Странно, с Борисом они всегда были на вы.

Хозяин усадил Йозефа в то же самое кресло, в котором тот часто сидел когда-то. Сам же полез в буфет, достал графин с водкой, кусок твердого сыра. Графин был полон лишь на треть.

– Вот, только костромской. Рокфора больше нет. Как, впрочем, и пармезана с камамбером.
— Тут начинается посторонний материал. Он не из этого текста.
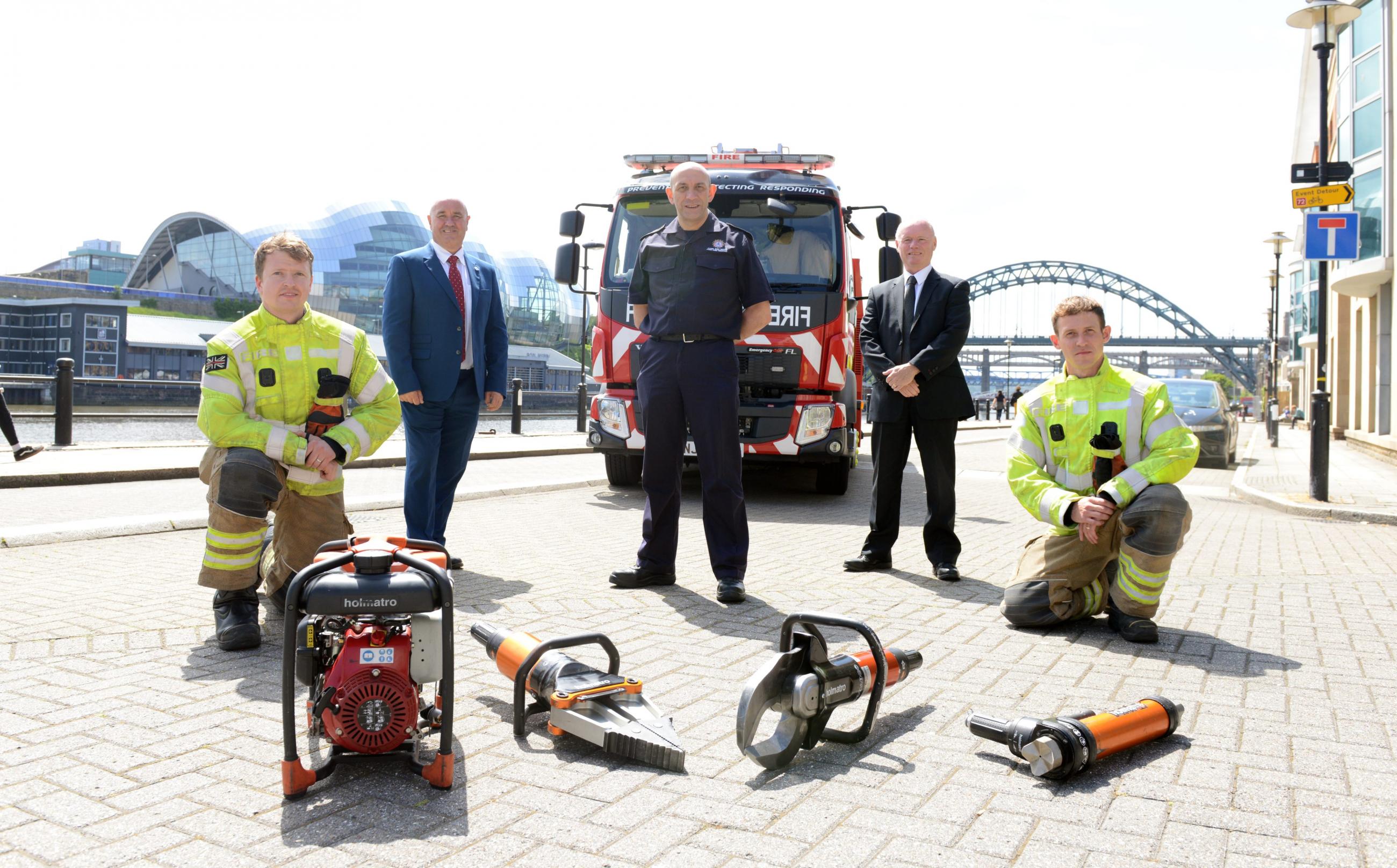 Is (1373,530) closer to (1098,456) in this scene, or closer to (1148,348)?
(1098,456)

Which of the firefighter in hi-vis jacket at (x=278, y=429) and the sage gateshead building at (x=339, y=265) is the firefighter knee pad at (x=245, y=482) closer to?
the firefighter in hi-vis jacket at (x=278, y=429)

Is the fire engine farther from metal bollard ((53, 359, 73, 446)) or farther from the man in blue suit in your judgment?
metal bollard ((53, 359, 73, 446))

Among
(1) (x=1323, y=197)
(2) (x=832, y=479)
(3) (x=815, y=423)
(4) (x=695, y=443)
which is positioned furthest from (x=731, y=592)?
(1) (x=1323, y=197)

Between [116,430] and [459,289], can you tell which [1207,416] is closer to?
[459,289]

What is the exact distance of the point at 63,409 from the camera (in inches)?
548

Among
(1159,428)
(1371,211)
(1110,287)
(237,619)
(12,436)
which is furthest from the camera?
(1110,287)

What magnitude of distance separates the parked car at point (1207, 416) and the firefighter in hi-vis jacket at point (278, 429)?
55.9ft

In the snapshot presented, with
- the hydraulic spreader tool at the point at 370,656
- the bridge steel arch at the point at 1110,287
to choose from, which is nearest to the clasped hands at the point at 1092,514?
the hydraulic spreader tool at the point at 370,656

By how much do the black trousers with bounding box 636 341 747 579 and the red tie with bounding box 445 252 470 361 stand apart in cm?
107

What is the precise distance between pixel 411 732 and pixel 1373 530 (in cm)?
962

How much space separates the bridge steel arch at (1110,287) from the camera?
14012 centimetres

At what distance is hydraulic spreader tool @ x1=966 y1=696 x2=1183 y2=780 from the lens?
2707 millimetres

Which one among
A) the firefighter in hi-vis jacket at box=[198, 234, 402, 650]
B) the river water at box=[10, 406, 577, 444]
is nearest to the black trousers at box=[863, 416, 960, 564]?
the firefighter in hi-vis jacket at box=[198, 234, 402, 650]

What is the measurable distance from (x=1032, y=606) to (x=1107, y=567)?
42 centimetres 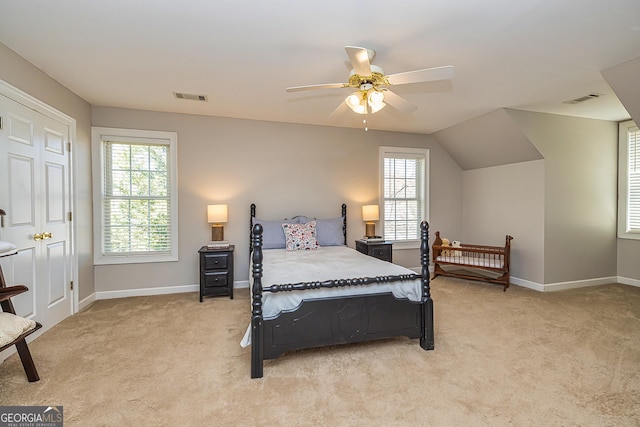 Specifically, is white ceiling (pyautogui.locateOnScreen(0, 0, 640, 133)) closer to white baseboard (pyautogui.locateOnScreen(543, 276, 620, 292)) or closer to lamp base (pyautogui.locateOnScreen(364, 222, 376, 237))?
lamp base (pyautogui.locateOnScreen(364, 222, 376, 237))

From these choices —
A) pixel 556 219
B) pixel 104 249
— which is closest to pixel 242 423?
pixel 104 249

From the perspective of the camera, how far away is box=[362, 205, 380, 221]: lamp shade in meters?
4.90

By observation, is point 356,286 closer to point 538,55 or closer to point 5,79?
point 538,55

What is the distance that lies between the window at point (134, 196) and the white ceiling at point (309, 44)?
1.94 ft

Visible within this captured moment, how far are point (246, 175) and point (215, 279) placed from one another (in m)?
1.61

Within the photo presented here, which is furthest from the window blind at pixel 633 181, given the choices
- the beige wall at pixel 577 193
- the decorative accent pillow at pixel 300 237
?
the decorative accent pillow at pixel 300 237

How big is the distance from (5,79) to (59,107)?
2.59 ft

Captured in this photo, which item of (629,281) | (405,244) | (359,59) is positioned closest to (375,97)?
(359,59)

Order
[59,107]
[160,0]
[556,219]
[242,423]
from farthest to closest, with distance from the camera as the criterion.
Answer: [556,219] → [59,107] → [160,0] → [242,423]

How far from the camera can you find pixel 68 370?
2.34 metres

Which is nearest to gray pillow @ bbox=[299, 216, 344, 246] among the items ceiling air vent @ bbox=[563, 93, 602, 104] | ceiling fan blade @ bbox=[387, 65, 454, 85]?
ceiling fan blade @ bbox=[387, 65, 454, 85]

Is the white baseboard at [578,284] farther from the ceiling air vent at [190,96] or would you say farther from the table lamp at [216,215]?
the ceiling air vent at [190,96]

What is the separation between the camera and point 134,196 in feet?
13.9

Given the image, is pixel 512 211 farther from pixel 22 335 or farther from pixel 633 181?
pixel 22 335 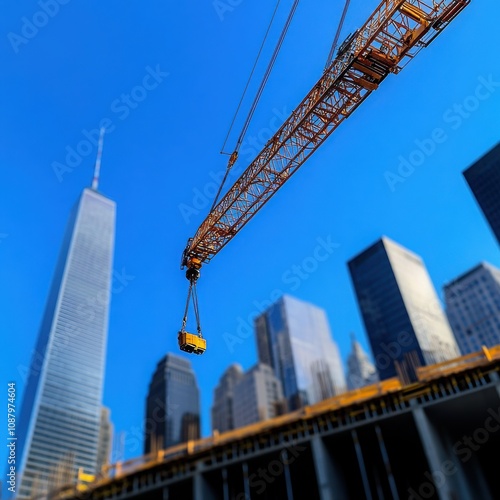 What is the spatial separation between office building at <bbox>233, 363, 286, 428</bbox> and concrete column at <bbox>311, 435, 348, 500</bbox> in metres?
125

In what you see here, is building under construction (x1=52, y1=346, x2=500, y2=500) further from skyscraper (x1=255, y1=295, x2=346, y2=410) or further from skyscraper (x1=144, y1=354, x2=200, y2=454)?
skyscraper (x1=144, y1=354, x2=200, y2=454)

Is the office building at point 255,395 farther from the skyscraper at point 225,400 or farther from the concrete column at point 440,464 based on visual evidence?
the concrete column at point 440,464

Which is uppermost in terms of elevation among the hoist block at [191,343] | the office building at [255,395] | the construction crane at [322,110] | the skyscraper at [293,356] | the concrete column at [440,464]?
the skyscraper at [293,356]

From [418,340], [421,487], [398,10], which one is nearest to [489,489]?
[421,487]

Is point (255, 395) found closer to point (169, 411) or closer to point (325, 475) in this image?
point (169, 411)

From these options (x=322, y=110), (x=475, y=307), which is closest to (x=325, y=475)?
(x=322, y=110)

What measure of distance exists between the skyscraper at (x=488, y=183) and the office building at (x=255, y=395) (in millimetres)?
81586

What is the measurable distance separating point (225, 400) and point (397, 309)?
239 ft

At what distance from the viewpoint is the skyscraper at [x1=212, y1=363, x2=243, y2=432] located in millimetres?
168975

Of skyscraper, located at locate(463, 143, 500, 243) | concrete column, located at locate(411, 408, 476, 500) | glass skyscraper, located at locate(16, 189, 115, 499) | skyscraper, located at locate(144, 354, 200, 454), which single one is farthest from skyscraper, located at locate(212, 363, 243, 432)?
concrete column, located at locate(411, 408, 476, 500)

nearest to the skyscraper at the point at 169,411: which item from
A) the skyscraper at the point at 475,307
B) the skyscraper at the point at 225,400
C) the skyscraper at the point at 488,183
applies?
the skyscraper at the point at 225,400

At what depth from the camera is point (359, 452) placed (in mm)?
27484

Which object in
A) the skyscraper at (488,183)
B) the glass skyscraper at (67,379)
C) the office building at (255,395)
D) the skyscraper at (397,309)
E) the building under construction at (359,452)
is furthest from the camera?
the glass skyscraper at (67,379)

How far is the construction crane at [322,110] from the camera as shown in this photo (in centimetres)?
2773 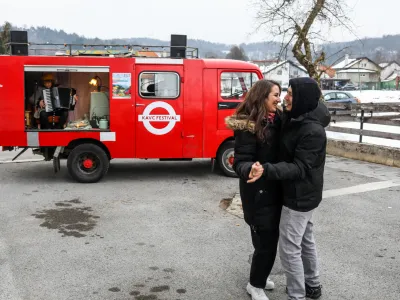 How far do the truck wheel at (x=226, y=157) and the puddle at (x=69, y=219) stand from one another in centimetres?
314

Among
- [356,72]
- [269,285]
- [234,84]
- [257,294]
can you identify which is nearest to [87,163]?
[234,84]

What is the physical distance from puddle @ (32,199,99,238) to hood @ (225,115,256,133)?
10.0ft

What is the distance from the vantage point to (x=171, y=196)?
810 centimetres

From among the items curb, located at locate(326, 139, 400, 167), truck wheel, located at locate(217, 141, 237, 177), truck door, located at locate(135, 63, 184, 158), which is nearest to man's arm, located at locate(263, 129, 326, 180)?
truck door, located at locate(135, 63, 184, 158)

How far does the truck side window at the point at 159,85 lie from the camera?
29.7ft

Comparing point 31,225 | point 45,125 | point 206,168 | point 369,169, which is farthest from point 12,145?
point 369,169

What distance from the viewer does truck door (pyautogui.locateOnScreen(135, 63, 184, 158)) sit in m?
9.05

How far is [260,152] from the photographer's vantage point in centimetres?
373

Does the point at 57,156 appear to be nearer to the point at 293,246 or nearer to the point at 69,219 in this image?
the point at 69,219

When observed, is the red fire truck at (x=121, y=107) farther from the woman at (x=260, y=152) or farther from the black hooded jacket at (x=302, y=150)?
the black hooded jacket at (x=302, y=150)

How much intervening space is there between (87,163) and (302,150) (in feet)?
20.4

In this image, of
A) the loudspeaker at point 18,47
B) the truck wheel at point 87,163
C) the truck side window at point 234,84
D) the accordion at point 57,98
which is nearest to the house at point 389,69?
the truck side window at point 234,84

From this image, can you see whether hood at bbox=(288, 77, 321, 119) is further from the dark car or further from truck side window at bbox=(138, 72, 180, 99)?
the dark car

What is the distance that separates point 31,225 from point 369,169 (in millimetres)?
7421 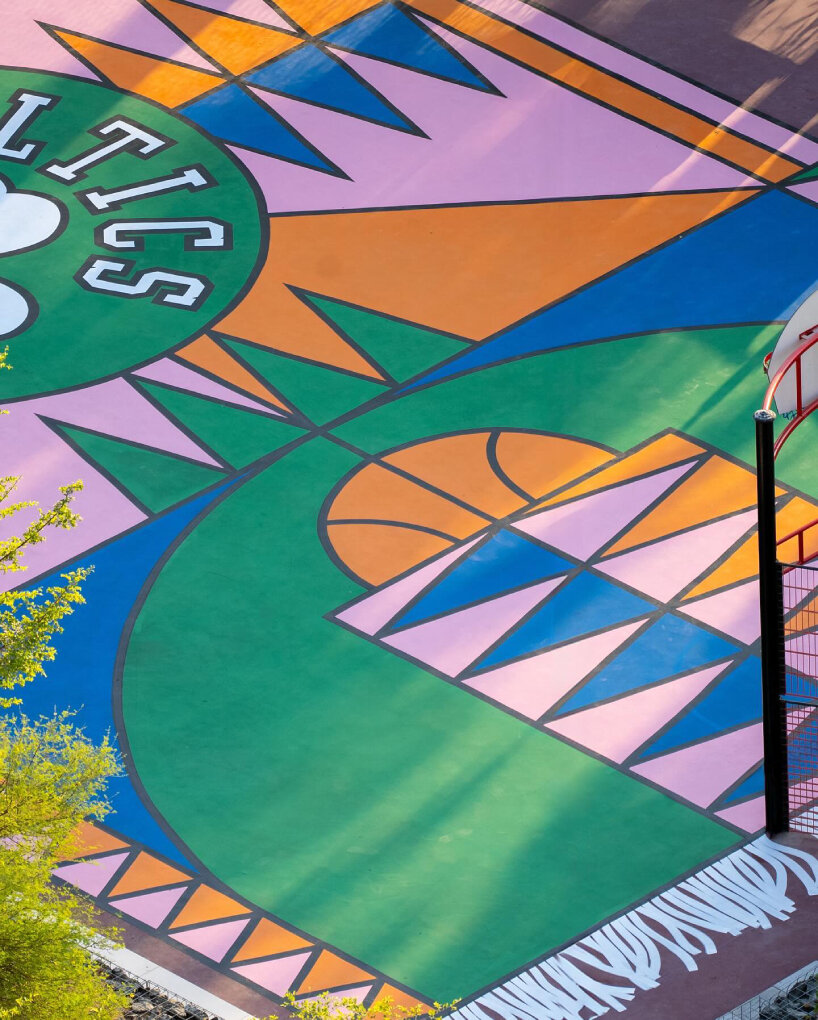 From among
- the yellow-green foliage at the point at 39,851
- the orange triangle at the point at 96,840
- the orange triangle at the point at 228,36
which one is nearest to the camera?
the yellow-green foliage at the point at 39,851

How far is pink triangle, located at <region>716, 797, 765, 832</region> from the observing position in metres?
16.9

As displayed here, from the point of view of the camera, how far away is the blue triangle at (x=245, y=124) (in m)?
26.1

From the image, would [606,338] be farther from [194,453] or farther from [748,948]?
[748,948]

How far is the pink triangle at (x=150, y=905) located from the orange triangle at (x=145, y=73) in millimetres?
13641

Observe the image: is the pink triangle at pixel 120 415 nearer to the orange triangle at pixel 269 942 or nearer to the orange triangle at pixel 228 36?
the orange triangle at pixel 269 942

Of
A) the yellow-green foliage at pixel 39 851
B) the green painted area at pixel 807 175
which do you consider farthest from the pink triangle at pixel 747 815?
the green painted area at pixel 807 175

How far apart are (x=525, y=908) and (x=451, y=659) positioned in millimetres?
3124

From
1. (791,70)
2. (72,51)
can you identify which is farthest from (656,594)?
(72,51)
Куда-то исчезли… Рокфор ладно, но пармезан-то чем им не угодил… Хотел вот частную практику открыть, но сам видишь – уплотнили. В спальне теперь… – Он махнул рукой. – А в моем кабинете живет дворник, как тебе это нравится?

 В том, как Мороховец разливал дрожащей рукой водку, было видно, что он опустился. И, кажется, совсем поник душой.

 – Ты останешься? Прости, комната одна… на диване придется… уплотненно.

 Выпив пару рюмок, хозяин подобрался. И сделался почти прежним Борисом.

 – Ты-то как? Нина, Юра?

 Йозеф сказал, что все хорошо. Похвастался, что Нина родила ему еще и дочку, назвали Йолой на балканский манер. И, памятуя, сколь полезные советы давал ему некогда Мороховец, объяснил причину своего появления в Москве.

 – Подожди, подожди, это надо обдумать, не делать ничего второпях… в это время торопиться, знаешь ли, опасно. Конечно, разрешения кое-кому еще выдают. Тем более ты иностранец. Просроченный американец, – попытался пошутить Борис. – Но сношений с Америкой нет никаких. Знаешь, я вот что подумал. Теперь они носятся с этим своим планом электрификации. Все газеты пестрят (21). У самих силенок не хватает, и американцы… Постой, постой, как зовут их американского шефа? Хью Купер, кажется, да-да, именно так, он еще строил Ниагарскую плотину. – Йозеф при слове плотина только улыбнулся. – Так вот, возводить электрическую станцию на Днепре будет он. У них здесь и контора неподалеку. Завтра поутру я тебя провожу, вдруг да ты им пригодишься…

 

 Совет Бориса, как всегда, оказался точен. Но не все оказалось просто.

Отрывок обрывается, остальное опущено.